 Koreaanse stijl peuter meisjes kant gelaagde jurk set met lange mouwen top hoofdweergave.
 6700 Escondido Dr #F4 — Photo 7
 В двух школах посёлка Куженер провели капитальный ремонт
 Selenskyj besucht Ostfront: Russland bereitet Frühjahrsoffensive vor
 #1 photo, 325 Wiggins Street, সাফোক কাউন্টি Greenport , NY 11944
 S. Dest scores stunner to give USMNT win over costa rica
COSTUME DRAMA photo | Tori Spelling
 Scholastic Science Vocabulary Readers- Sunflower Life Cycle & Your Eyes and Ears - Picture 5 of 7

################

▸ Required work: The answer is the full set of records, printed exactly as given.

▸ Your solution:
 Koreaanse stijl peuter meisjes kant gelaagde jurk set met lange mouwen top hoofdweergave.
 6700 Escondido Dr #F4 — Photo 7
 В двух школах посёлка Куженер провели капитальный ремонт
 Selenskyj besucht Ostfront: Russland bereitet Frühjahrsoffensive vor
 #1 photo, 325 Wiggins Street, সাফোক কাউন্টি Greenport , NY 11944
 S. Dest scores stunner to give USMNT win over costa rica
COSTUME DRAMA photo | Tori Spelling
 Scholastic Science Vocabulary Readers- Sunflower Life Cycle & Your Eyes and Ears - Picture 5 of 7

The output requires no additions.